[Items from a dataset]
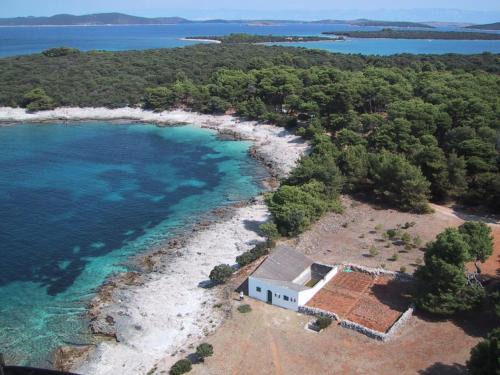 Veli Rat Apartment | Studio apartment in Veli Rat with sea view, balcony, washing machine 882-1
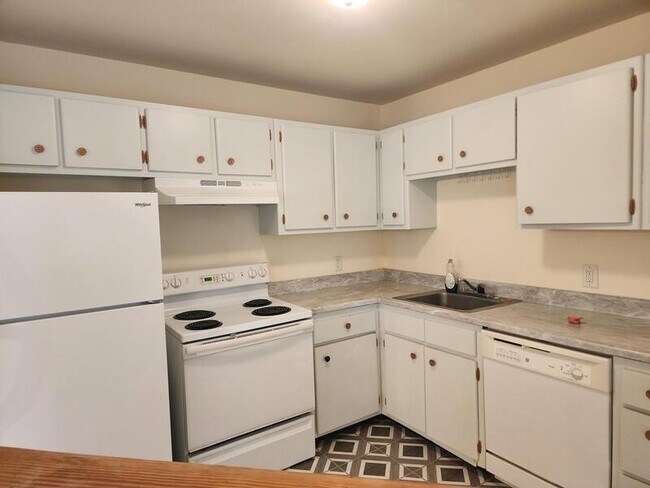 Photo - 27 Forbus St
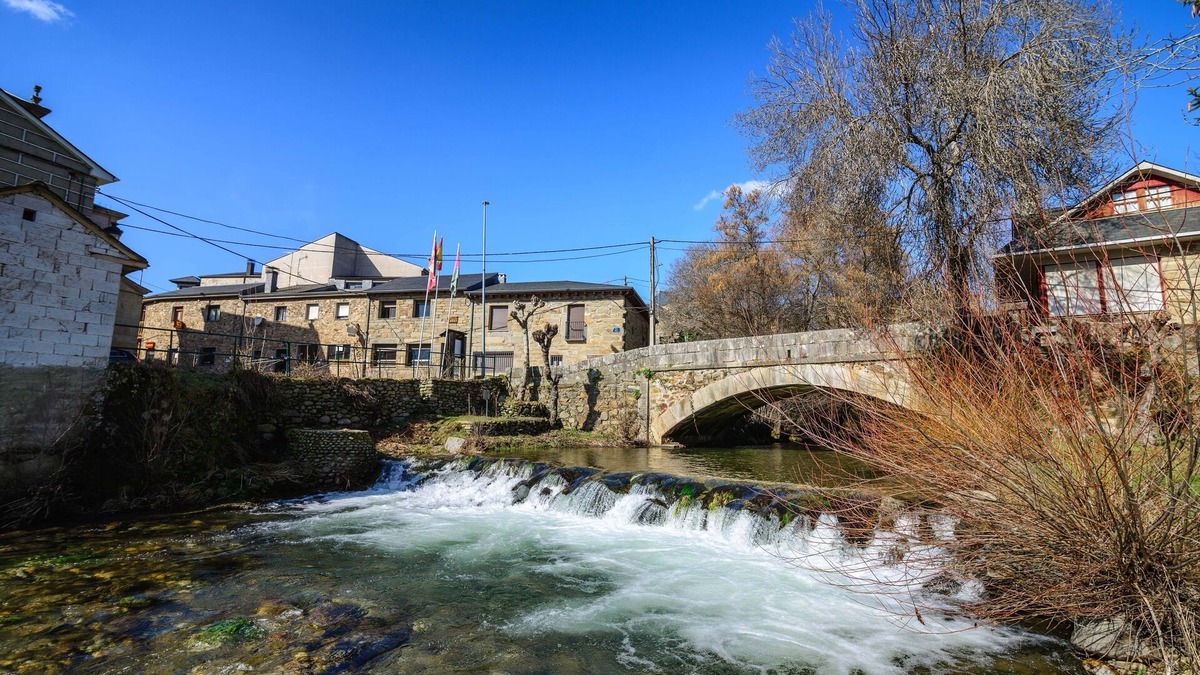 San Justo Cottage | RURAL HOUSE 8 PLAZAS TREFACIO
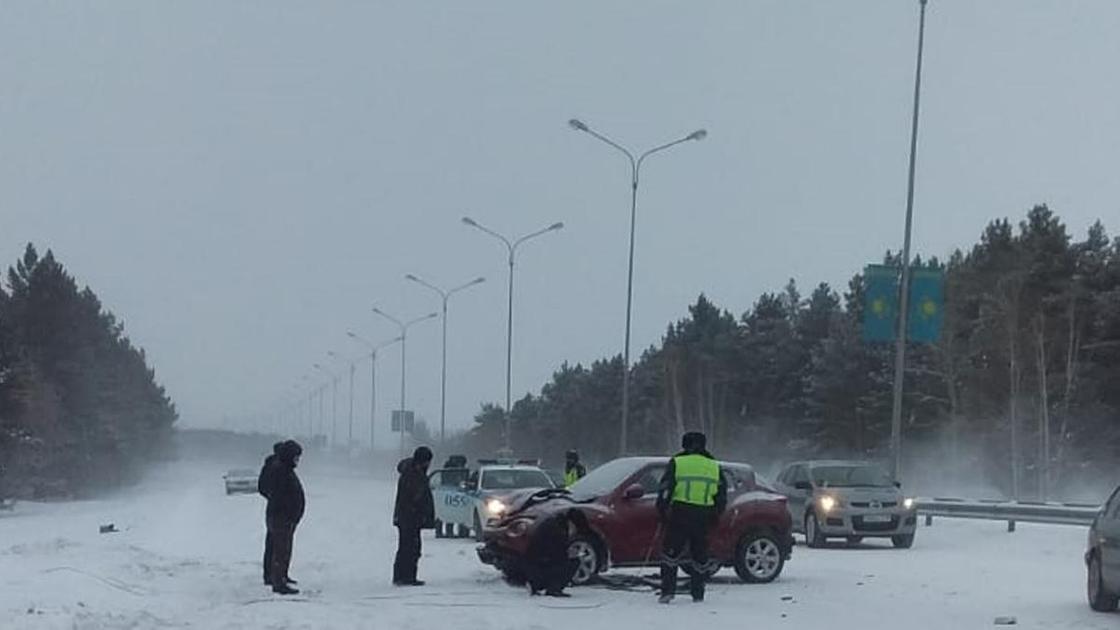 Авто стоят на трассе после ДТП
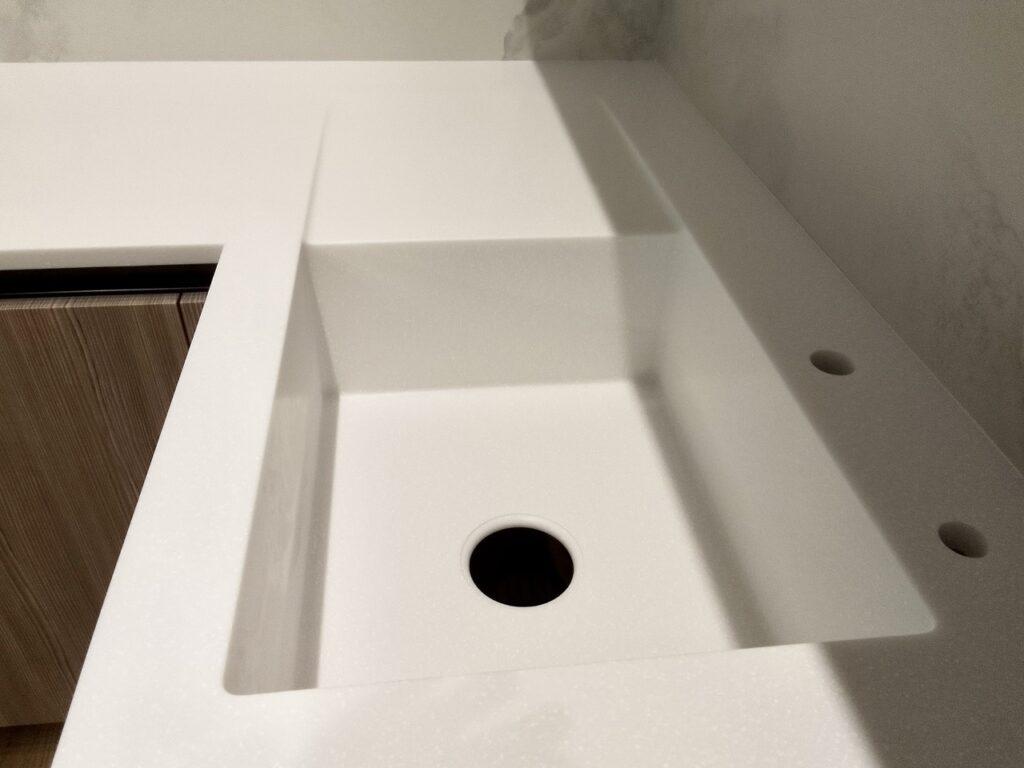 Акриловая столешница с мойкой и остров на кухню изготовлено в правила камня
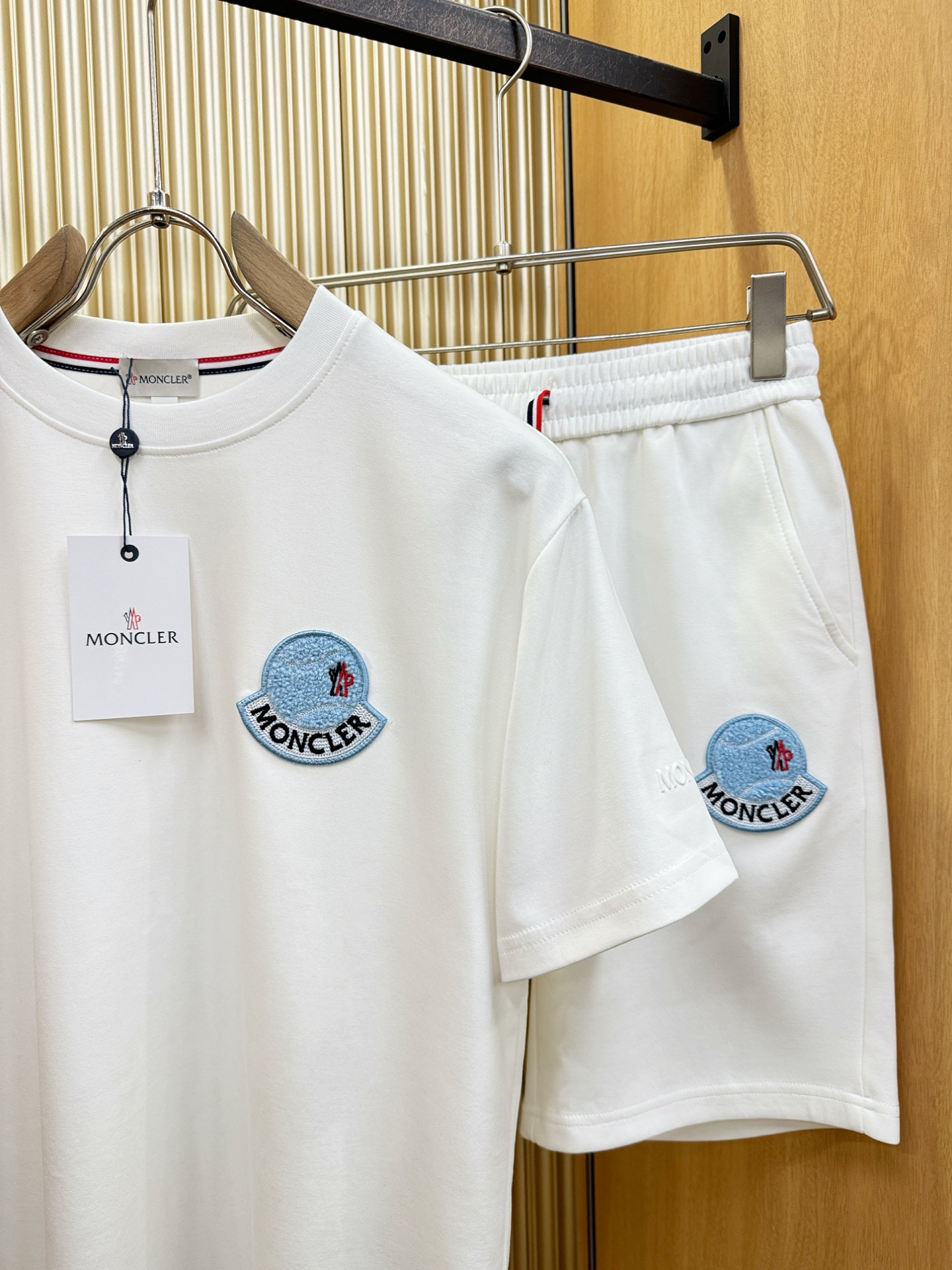套装 Moncler蒙口 2026新款休闲套装，细节精致高级，高级感满满。定制高端面料，上身挺括有型，舒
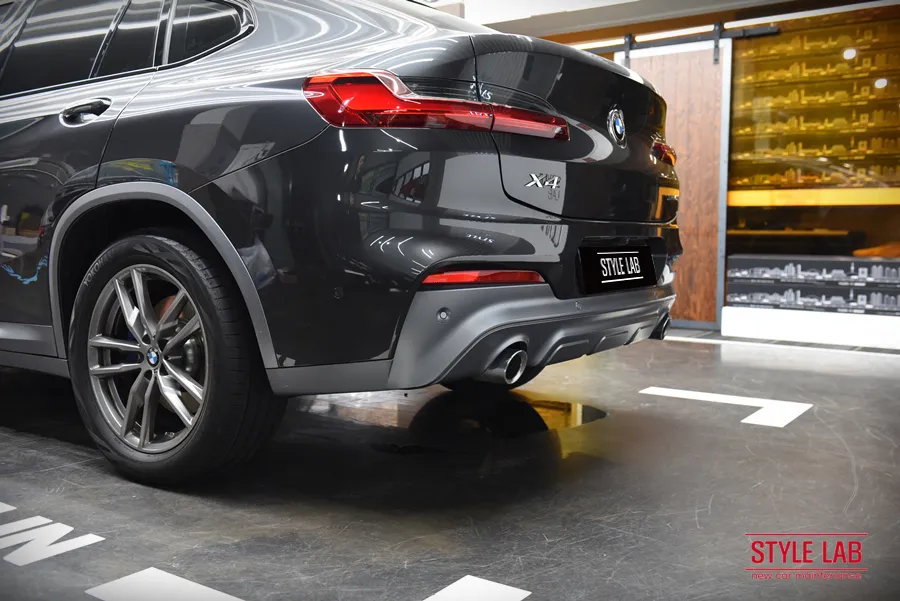 BMW X4 G02のカーラッピング事例:ブラックツートンで高級感をプラス 施工写真 3-1
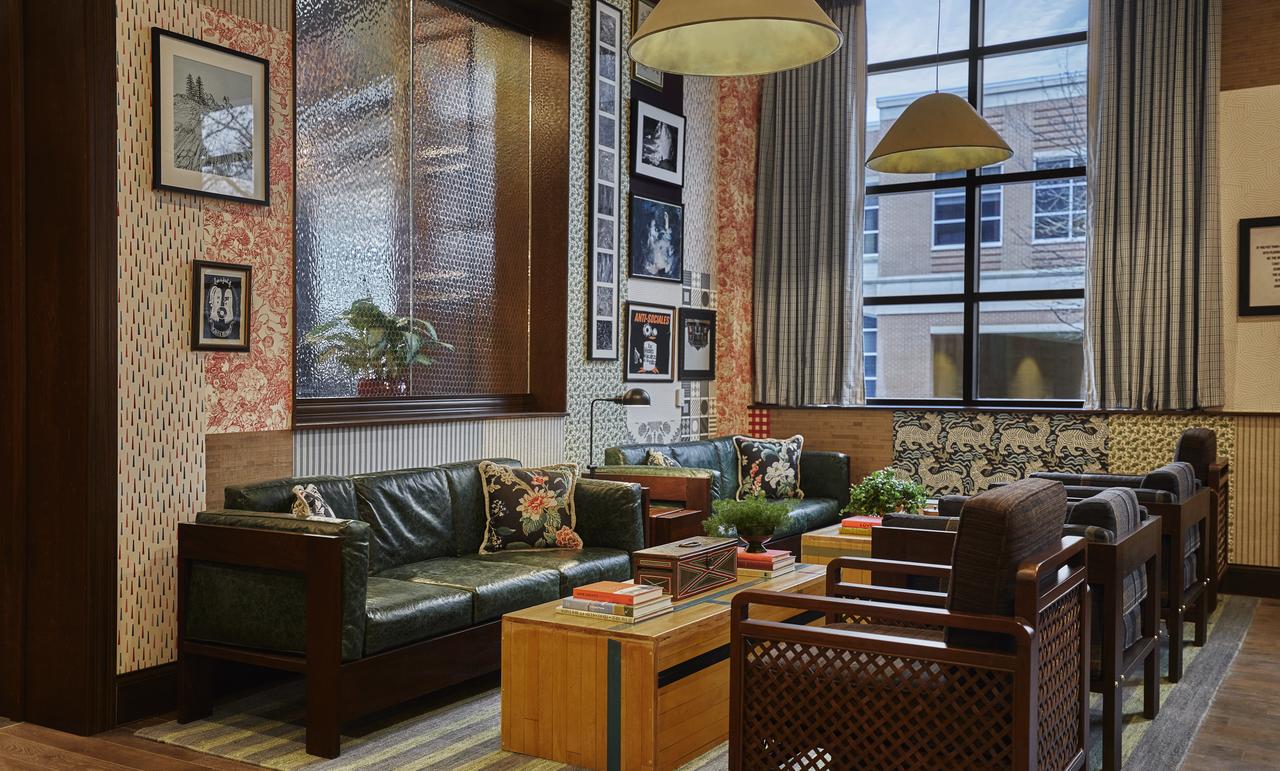 Graduate Bloomington - thumb 9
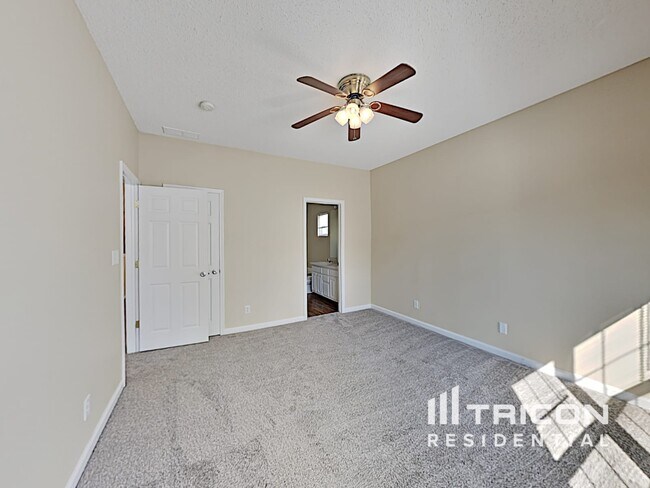 Building Photo - 9897 Lakefield Ln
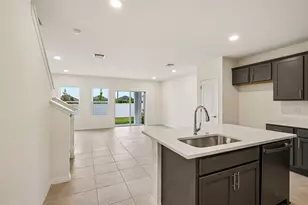 6848 Holcombe Down Dr, Zephyrhills, FL 33541 - Photo 5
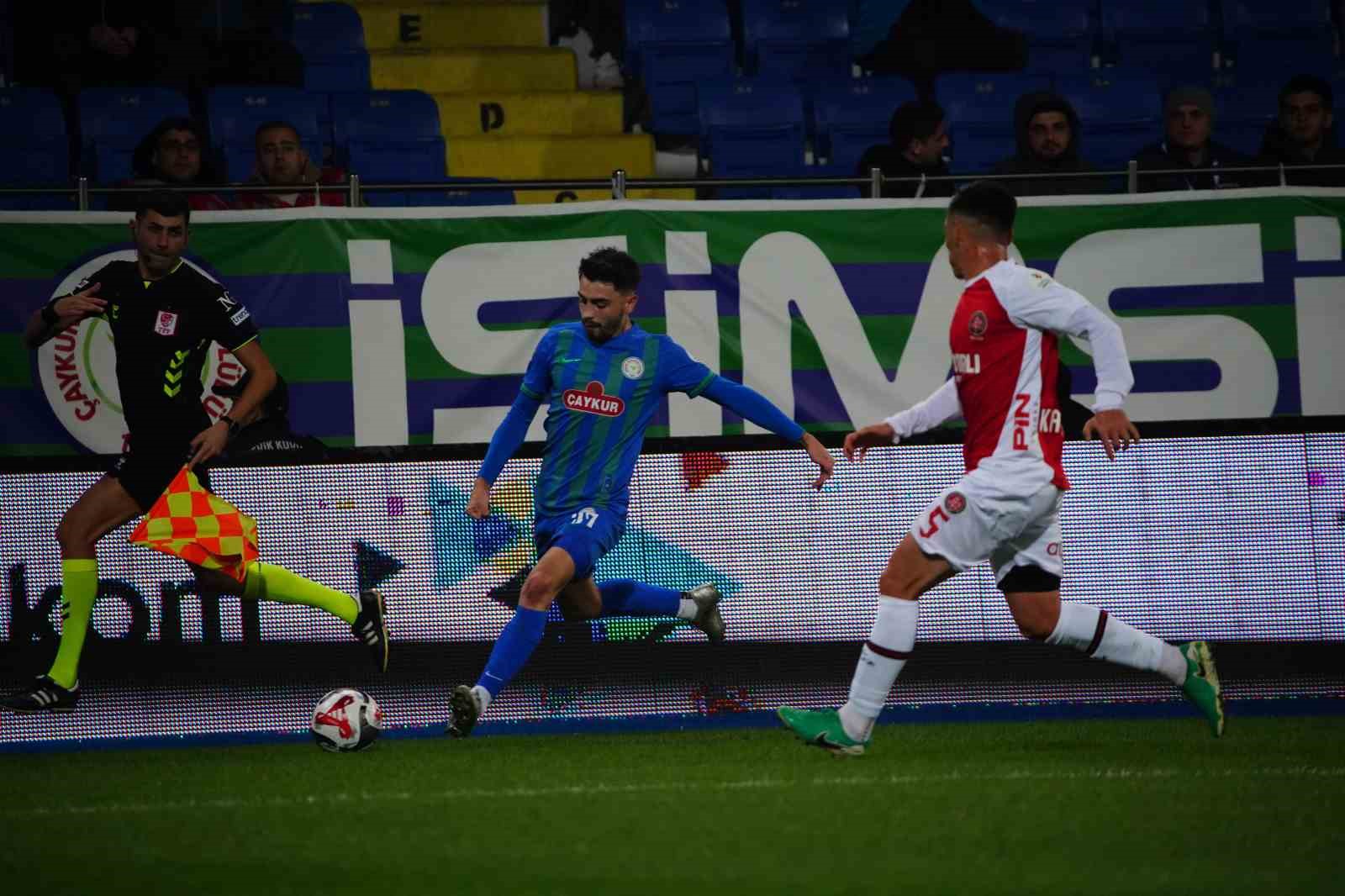 trendyol super lig caykur rizespor 0 fatih karagumruk 0 ilk yari 11 UGLLpyka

* [Task requirements]
Locate "BMW X4 G02のカーラッピング事例:ブラックツートンで高級感をプラス" in the entries above. Copy, exactly and only, the lines from that line to the end, leaving out the pictures.

* [Exercise result]
 BMW X4 G02のカーラッピング事例:ブラックツートンで高級感をプラス 施工写真 3-1
 Graduate Bloomington - thumb 9
 Building Photo - 9897 Lakefield Ln
 6848 Holcombe Down Dr, Zephyrhills, FL 33541 - Photo 5
 trendyol super lig caykur rizespor 0 fatih karagumruk 0 ilk yari 11 UGLLpyka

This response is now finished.